Coming to, and leaving, America

The Capital (Annapolis, MD), September 25, 2007, page B1
By: Elisabeth Hulette


Side by side, Amy Sweat, 15, a junior at South River High School, doesn’t look at all like Adriana Bazaga, 16, her exchange student “sister” from Spain.

But dressed in jeans and a gray T-shirt, her blonde hair pulled back in a ponytail, Amy said she found something in common with Adriana, clad in skintight plaid and black leggings, her long brown hair styled in waves.

They both play the piano, and they both speak Spanish and English. And for the past three weeks, they have shared a family and a school as Adriana visited Crofton through an exchange program.

“She tells stories about her village,” Amy said. “Without actually going to Spain, I learned a lot about the culture.”
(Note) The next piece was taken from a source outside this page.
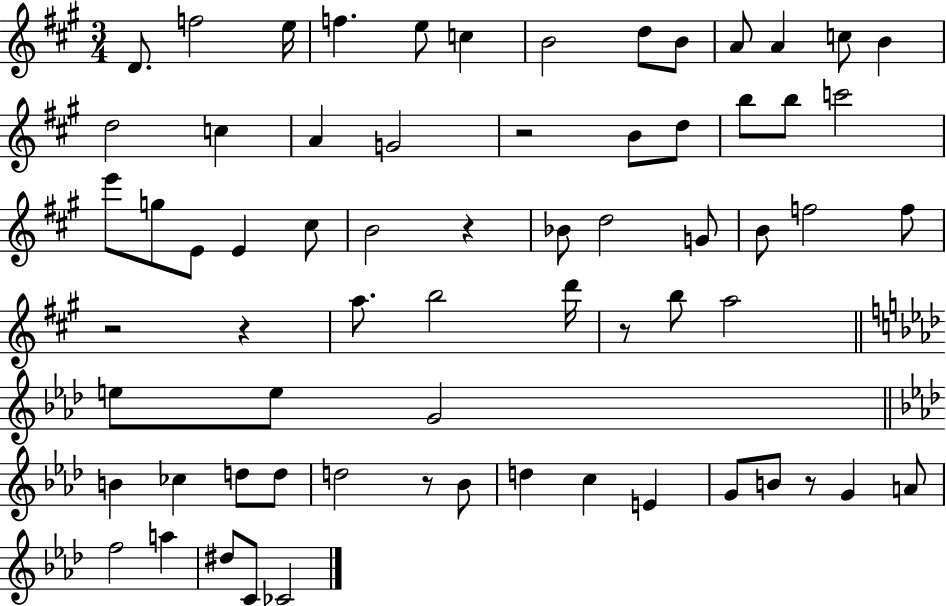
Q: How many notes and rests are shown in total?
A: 67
Adriana was one of 28 Spanish exchange students who said goodbye to their host families at a farewell party last night at South River High School.

They came here on academic scholarships from the Caja De Extremadura bank in Extremadura, a region in southwest Spain. Their three-week trip was coordinated by the Severna Park-based Intercultural Friends Foundation and Spanish Heritage, an exchange program that has been bringing Spanish students to the area for 18 years.
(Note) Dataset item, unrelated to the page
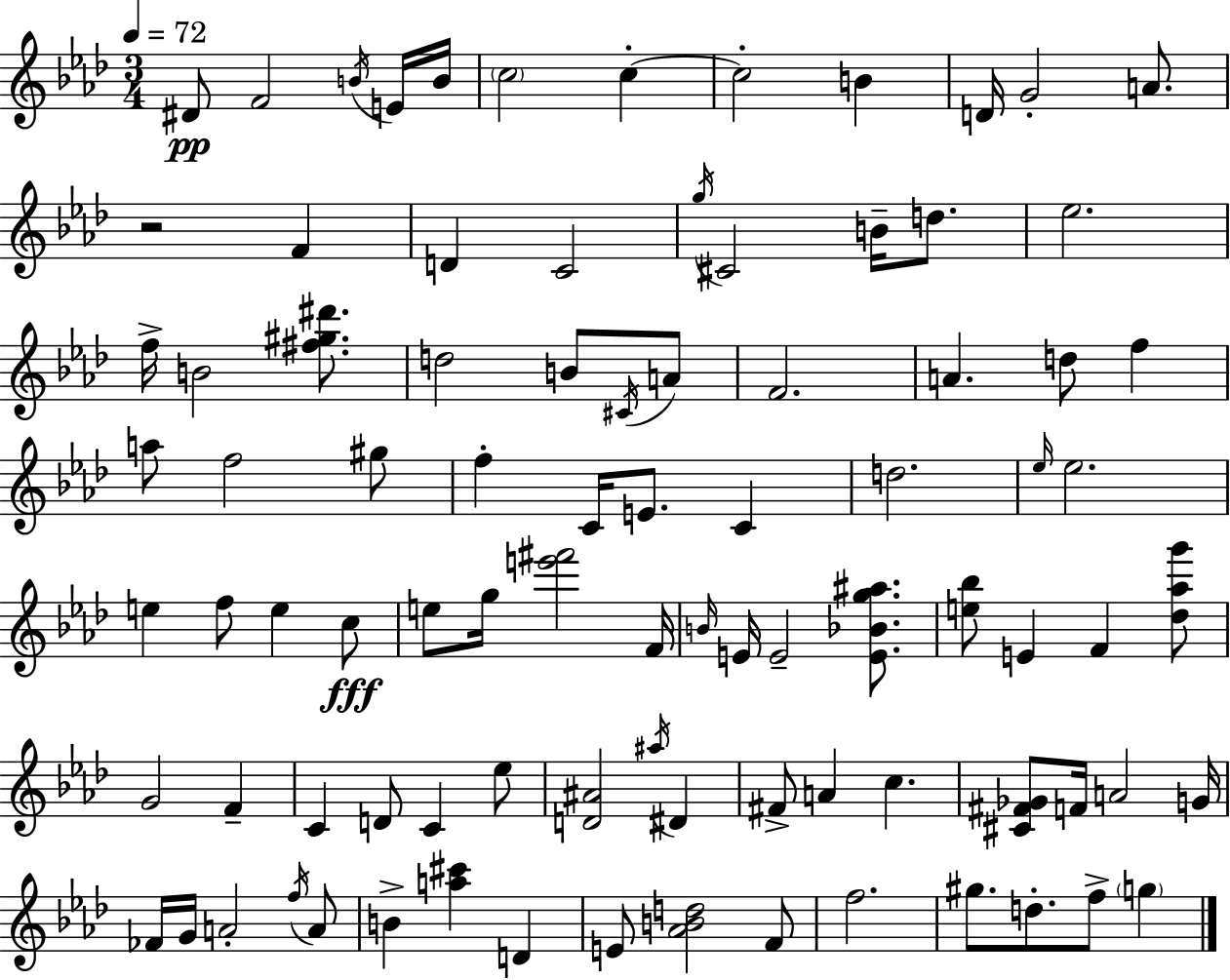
D#4/e F4/h B4/s E4/s B4/s C5/h C5/q C5/h B4/q D4/s G4/h A4/e. R/h F4/q D4/q C4/h G5/s C#4/h B4/s D5/e. Eb5/h. F5/s B4/h [F#5,G#5,D#6]/e. D5/h B4/e C#4/s A4/e F4/h. A4/q. D5/e F5/q A5/e F5/h G#5/e F5/q C4/s E4/e. C4/q D5/h. Eb5/s Eb5/h. E5/q F5/e E5/q C5/e E5/e G5/s [E6,F#6]/h F4/s B4/s E4/s E4/h [E4,Bb4,G5,A#5]/e. [E5,Bb5]/e E4/q F4/q [Db5,Ab5,G6]/e G4/h F4/q C4/q D4/e C4/q Eb5/e [D4,A#4]/h A#5/s D#4/q F#4/e A4/q C5/q. [C#4,F#4,Gb4]/e F4/s A4/h G4/s FES4/s G4/s A4/h F5/s A4/e B4/q [A5,C#6]/q D4/q E4/e [Ab4,B4,D5]/h F4/e F5/h. G#5/e. D5/e. F5/e G5/q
Joann Smith, a coordinator for the Intercultural Friends Foundation, gets the program rolling every year by asking families at South River if they’d like to host an exchange student.

“From the moment they walk in the door, they’re not strangers anymore,” said Vicky Arechaga, academic director of Spanish Heritage in the United States.
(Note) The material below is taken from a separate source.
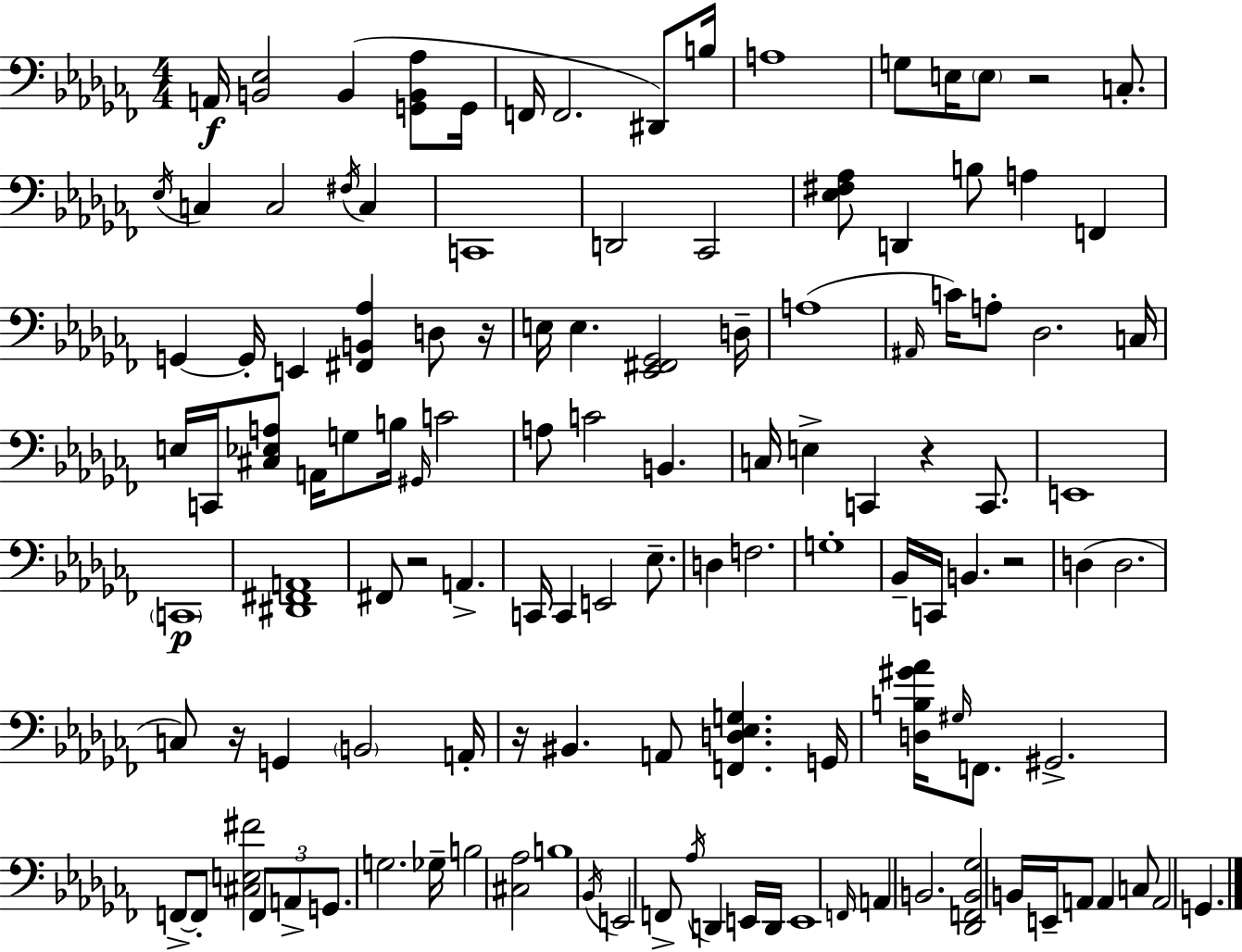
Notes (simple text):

A2/s [B2,Eb3]/h B2/q [G2,B2,Ab3]/e G2/s F2/s F2/h. D#2/e B3/s A3/w G3/e E3/s E3/e R/h C3/e. Eb3/s C3/q C3/h F#3/s C3/q C2/w D2/h CES2/h [Eb3,F#3,Ab3]/e D2/q B3/e A3/q F2/q G2/q G2/s E2/q [F#2,B2,Ab3]/q D3/e R/s E3/s E3/q. [Eb2,F#2,Gb2]/h D3/s A3/w A#2/s C4/s A3/e Db3/h. C3/s E3/s C2/s [C#3,Eb3,A3]/e A2/s G3/e B3/s G#2/s C4/h A3/e C4/h B2/q. C3/s E3/q C2/q R/q C2/e. E2/w C2/w [D#2,F#2,A2]/w F#2/e R/h A2/q. C2/s C2/q E2/h Eb3/e. D3/q F3/h. G3/w Bb2/s C2/s B2/q. R/h D3/q D3/h. C3/e R/s G2/q B2/h A2/s R/s BIS2/q. A2/e [F2,D3,Eb3,G3]/q. G2/s [D3,B3,G#4,Ab4]/s G#3/s F2/e. G#2/h. F2/e F2/e [C#3,E3,F#4]/h F2/e A2/e G2/e. G3/h. Gb3/s B3/h [C#3,Ab3]/h B3/w Bb2/s E2/h F2/e Ab3/s D2/q E2/s D2/s E2/w F2/s A2/q B2/h. [Db2,F2,B2,Gb3]/h B2/s E2/s A2/e A2/q C3/e A2/h G2/q.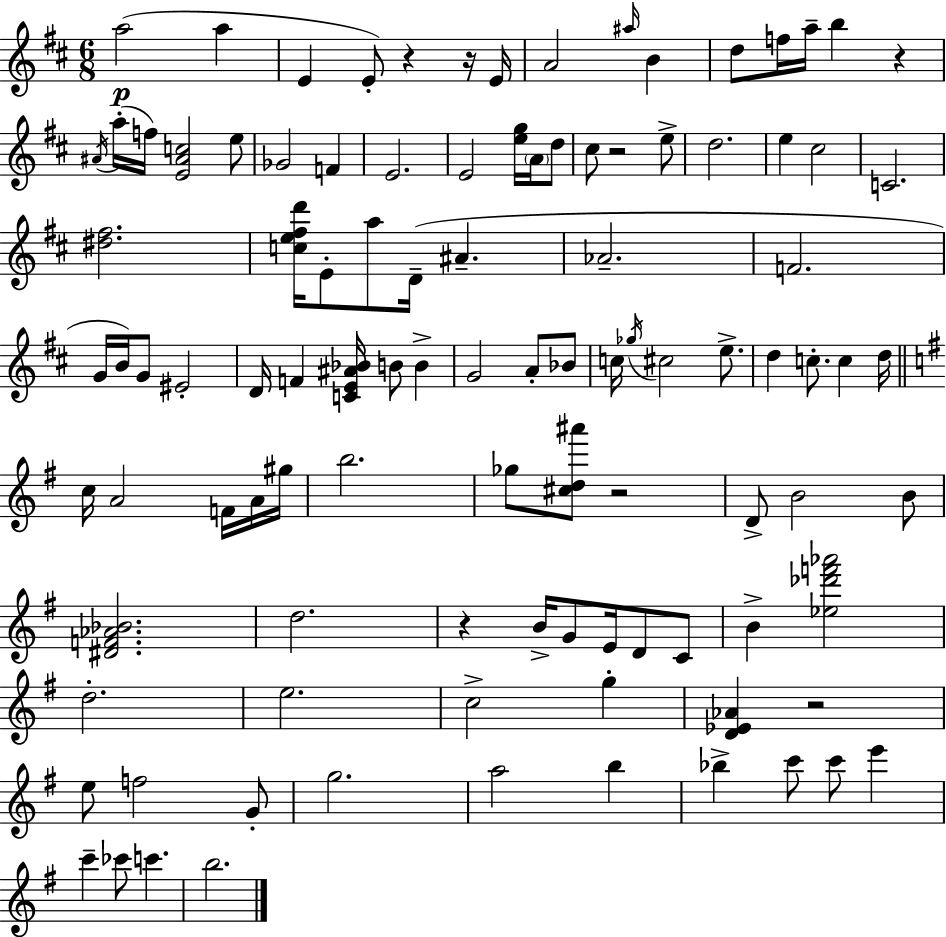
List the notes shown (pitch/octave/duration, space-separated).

A5/h A5/q E4/q E4/e R/q R/s E4/s A4/h A#5/s B4/q D5/e F5/s A5/s B5/q R/q A#4/s A5/s F5/s [E4,A#4,C5]/h E5/e Gb4/h F4/q E4/h. E4/h [E5,G5]/s A4/s D5/e C#5/e R/h E5/e D5/h. E5/q C#5/h C4/h. [D#5,F#5]/h. [C5,E5,F#5,D6]/s E4/e A5/e D4/s A#4/q. Ab4/h. F4/h. G4/s B4/s G4/e EIS4/h D4/s F4/q [C4,E4,A#4,Bb4]/s B4/e B4/q G4/h A4/e Bb4/e C5/s Gb5/s C#5/h E5/e. D5/q C5/e. C5/q D5/s C5/s A4/h F4/s A4/s G#5/s B5/h. Gb5/e [C#5,D5,A#6]/e R/h D4/e B4/h B4/e [D#4,F4,Ab4,Bb4]/h. D5/h. R/q B4/s G4/e E4/s D4/e C4/e B4/q [Eb5,Db6,F6,Ab6]/h D5/h. E5/h. C5/h G5/q [D4,Eb4,Ab4]/q R/h E5/e F5/h G4/e G5/h. A5/h B5/q Bb5/q C6/e C6/e E6/q C6/q CES6/e C6/q. B5/h.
The organization runs similar exchanges in countries like Ireland and England, where students pay to live at a boarding house, she said. But the students who come to South

River get a different experience because their hosts volunteer to take them in.

“When somebody does it as a volunteer, what do they want? Just to know someone from a different country,” Ms. Arechaga said.

The students are not guests, she said. Rather, they do chores with their host siblings and for three weeks become members of their host families.

“It’s a totally different experience” from the America they would see as tourists, she said.

The Spanish students spent 61/2 days shadowing their American host students at South River. They spent the rest of the time on trips to monuments and museums in Washington, Baltimore’s inner harbor, the Harley Davidson factory and Arundel Mills mall.

Shopping was one of the best parts of the trip for Adriana – who discovered the teen clothing store Hot Topic – and Cristina Garcia, 16, and her host sister, Katrina Mayes, 16.

Hosting an exchange student “expands your horizons,” Katrina said, adding that she hopes to go visit Cristina in Spain next summer. “I’ve got plans for that one,” she said to Cristina.

Ms. Smith said connections made during the three weeks sometimes continue long after the exchange, citing Marian Cabezas-Shrewsberry, a part-time Spanish teacher at South River, as an example.

Ms. Cabezas-Shrewsberry was chaperone for the Spanish Heritage exchange to Maryland in 2000 and 2001. She took a job teaching Spanish in Prince George’s County in 2001 to continue learning English, then married an American and settled in the area.

The Spanish students need to learn English, and the exchange is a great way for them to get practice, she said.

“But if the bank didn’t give them the opportunity, they probably wouldn’t get here,” Ms. Cabezas-Shrewsberry said.

The students will leave for the airport tomorrow with tears in their eyes, as happens every year, Ms. Arechaga said. They also will leave with a better understanding different cultures, she said.

“It is the only way we can understand other people,” she said.